Was this my first divorce?

I walked past a neighbor’s yard and saw the prettiest clump of daisies today. My first impulse was to pick them and take them home. But then, I remembered that you’re not supposed to pick the flowers in your neighbor’s yard. I learned this when I was five years old. That’s when Fritzy and I picked a neighbor lady's flowers and presented them to our respective mothers, thinking they would be appreciated as gifts from the heart. Instead, our moms asked us where we got them and insisted that we take them back and apologize. First, we hid behind a giant blue spruce and only pretended to go to the neighbor's door. But apparently our omniscient mothers could see through trees, and they sent us back.

I may not have known better than to pick the flowers, but I did know how humiliating it was to confess my transgression. It may have been one of my first experiences of shame. Another one was when I got caught under the bed playing you-show-me-yours and I’ll-show-you-mine. I couldn't understand why it was such a big deal, but, believe me, it was! That incident also involved Fritzy.

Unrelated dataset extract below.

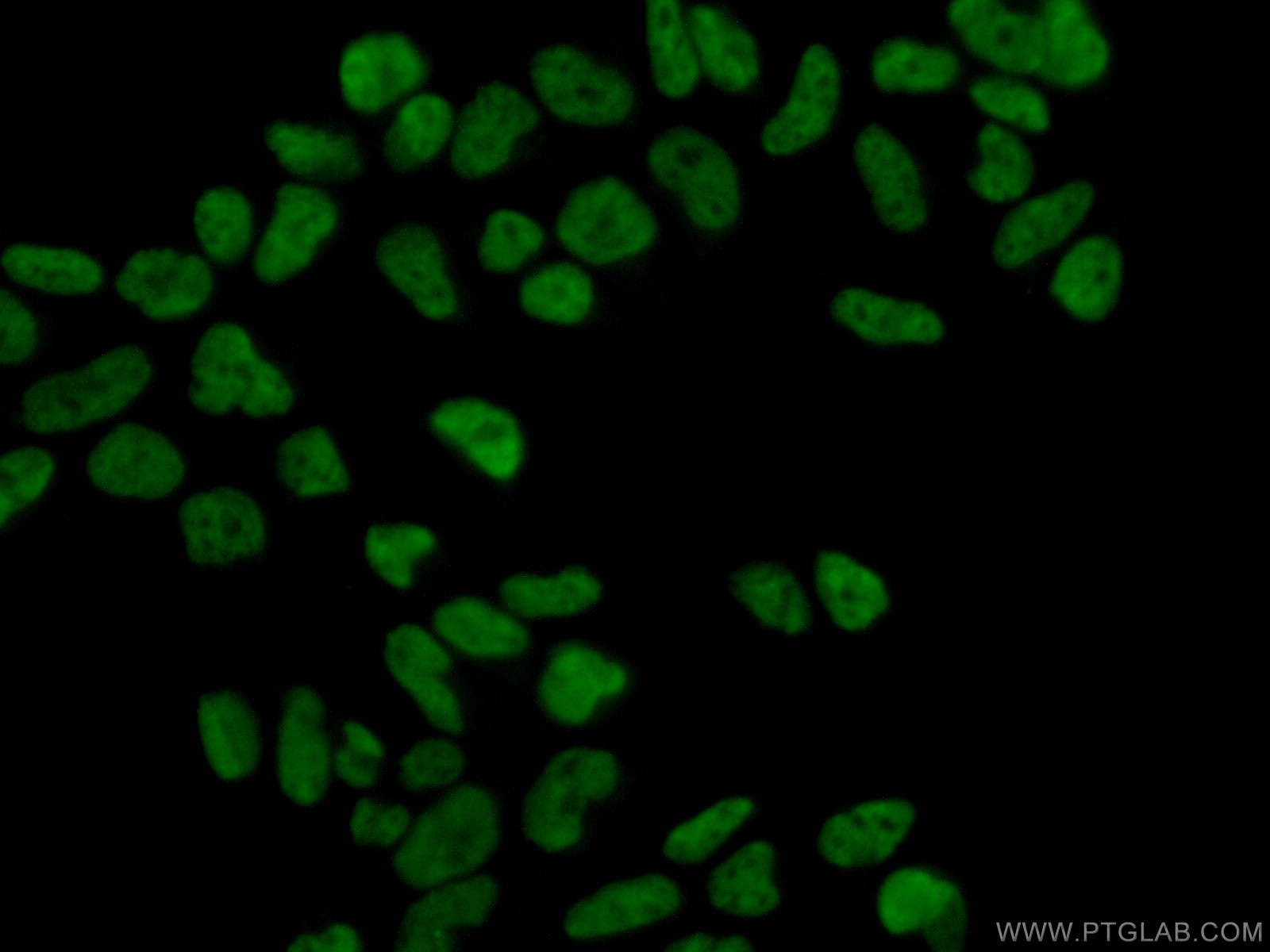 Immunofluorescence (IF) / fluorescent staining of HEK-293 cells using MAD2L1 Polyclonal antibody (10337-1-AP)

As far back as my memory will take me, Fritzy and I were buddies. He lived across the street from me in a neighborhood of tiny, two-bedroom, one bath, post-WW2 houses. This was back in the day when, in the evenings, all the grown-ups on the street would gather their webbed lawn chairs into a circle in someone's front yard to visit. I can still hear the sound of their muffled conversation, occasional bursts of laughter, and the constant rattling of the ice cubes in their drinks. I also remember how they were always watching us, even when it seemed like they weren’t, and how they all acted like they were my parents, even when they weren’t.

Fritzy and I were together every day. One of us would go to the other one’s porch and we’d holler, “Oh, Frit-zy!” or “Oh, Nan-cy!” I don’t recall ever ringing a doorbell or knocking on a door. We played army, we solved mysteries, we climbed trees and swung on great-vines in the woods. To my recollection, we never fought, although we did get into trouble on several occasions. Mostly, we just had fun.

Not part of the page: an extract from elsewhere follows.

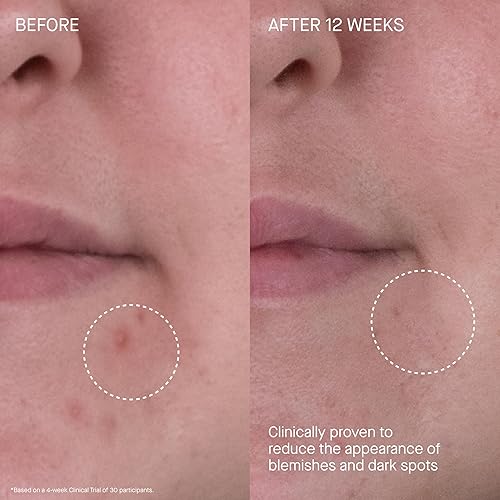 Miniatura 5 de Augustinus Bader The Rich Cream  Luxury Face Cream  Hydrating and Nourishing Face Moisturizer  Facial Moisturizer for Wrinkle Reduction and Cellular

And then, it got weird. Fritzy was a year older than me, and after he started junior high, we never spoke to each other again. We still lived across the street from each other, and all the way through high school , we would pass one another in the hallway at school, but we never spoke. Not a word. Ever. It was like we became strangers overnight. I remember feeling a little awkward with the situation, but it didn’t really bother me. I wasn’t angry, or hurt. I never felt slighted. Never once did I go over to Fritzy’s house and holler, “Oh, Frit-zy!” on his porch and have him come to the door to tell me that he didn’t want to play with me anymore. Our parting was just something that happened. We used to live in a little world that included each other, and then our worlds expanded and we moved on.

Now, I wonder, was this my first divorce? Isn’t that the way it happens? You share your life with someone and then, suddenly, you’re strangers. Well, sort of. But this couldn’t have been a divorce because it wasn’t painful. When you part ways with someone as an adult, there’s always pain involved. It feels like it’s personal, even when it isn’t. With Fritzy, it never occurred to me that I might take it personally. It wasn't about me. His journey simply took him to another place. As did mine.

Why can’t it be like that when adults part company? Why do we have so much of ourselves wrapped up in our relationships? Why do we expect so much of the ones we love? Why can’t we just enjoy the dear people who have joined us on our journey without holding on for dear life? Why does so much of the way we feel about ourselves depend upon the validation  we receive from someone else? And when our relationships end, why do we anguish over them for months, or even years?

I wish my relationships could be as easy for me now as they were back in the Fritzy days. As I journey through life, I would like to enjoy the people I love and appreciate the moments we spend together along the way. And then, if necessary, when the time comes, I would like to wish them well, and move on. Pain free.

Oh, if only it were that easy.





1 comment:

  1. Perfect. That's what comes to my mind when I finish reading your blog today. Perfect. Perfect because it's such good writing. Perfect because it's such a simple, good idea. Perfect because I will ponder this for a long while and try to incorporate your suggestion into my life. Perfect because I am a perfectionist and what you're saying is let go of perfect. Perfect. And, thank you.